First off, do the math, just like I did above. Figure out how much the employee has “lost” from the delay in grant dates and the change in the value of the company. In this case, it’s under $5000. That’s awfully slim pickings when it comes to a federal crime. That’s step 1 so that everyone realizes it’s easier to fix any problem than to be sneaky. Really.

Next, think about how many additional shares it might take for the employee to make up the $4800 “loss.” Here, where the company’s valuation was about $4m, you could imagine the value doubling by the time of a liquidity event. (There are lots of scenarios, of course: you’re just trying to get a handle on the magnitude of the problem and hence the solution.) Here, $4800/ ($0.82-$0.41) = 4800/.41 = about 11700. That means that if you increase the grant at the current FMV by 11700 shares, then the employee will be basically even assuming the company doubles in value between now and the exit.

So, here’s what the paperwork might look like:
a. grant of 30,000 shares at $0.41 with a grant date of today and a vesting start date of whenever you agreed on the original grant.
b. grant of 70,000 shares at $0.41 with a grant date of today and a vesting start date of today.
c. grant of 11,700 shares at $0.41 with a grant date of today and a vesting start date of whenever you agreed on the original grant.

This way, the company bears the cost to the employee of any delay, no additional taxes are paid on phantom income, and you get to frame that additional grant any way you like — bonus grant for good work or you refusing to shaft the employee. Either way, this approach is the primary legal method for resolving this common issue.

Q&A: could you pay the taxes on the phantom income for your employee? Sure, but that tax payment is also taxed, and when you pay the taxes on that, that payment is also taxed. You’re going to spend a lot of money on the gross-up. It’s a bad idea in most cases unless you’ve already created this problem for the employee and you can’t unring the bell.

Bonus advice: keep this phantom income issue in mind when you start trying to negotiate equity packages. Another company and executive had settled on a sizable grant of stock, 250,000 units, at a $0.01 price.
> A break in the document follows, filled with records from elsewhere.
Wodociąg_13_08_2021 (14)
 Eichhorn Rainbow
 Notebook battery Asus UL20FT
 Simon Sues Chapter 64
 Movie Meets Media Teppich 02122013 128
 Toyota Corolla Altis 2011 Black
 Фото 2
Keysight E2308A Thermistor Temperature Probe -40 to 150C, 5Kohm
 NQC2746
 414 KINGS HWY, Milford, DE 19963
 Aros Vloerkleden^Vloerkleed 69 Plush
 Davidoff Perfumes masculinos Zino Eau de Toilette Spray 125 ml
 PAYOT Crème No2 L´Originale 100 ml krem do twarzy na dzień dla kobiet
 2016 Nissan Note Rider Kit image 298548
The FMV of the stock at that point was closer to $0.50 per share, meaning they were facing $125,000 in phantom income and $50k+ in cash taxes out of pocket. Both the company’s original lawyer and the executive’s lawyer missed this. Conveniently, they never really papered the deal and were renegotiating other employment and bonus terms. Some timely advice made everyone much happier once they realized what they would have been facing.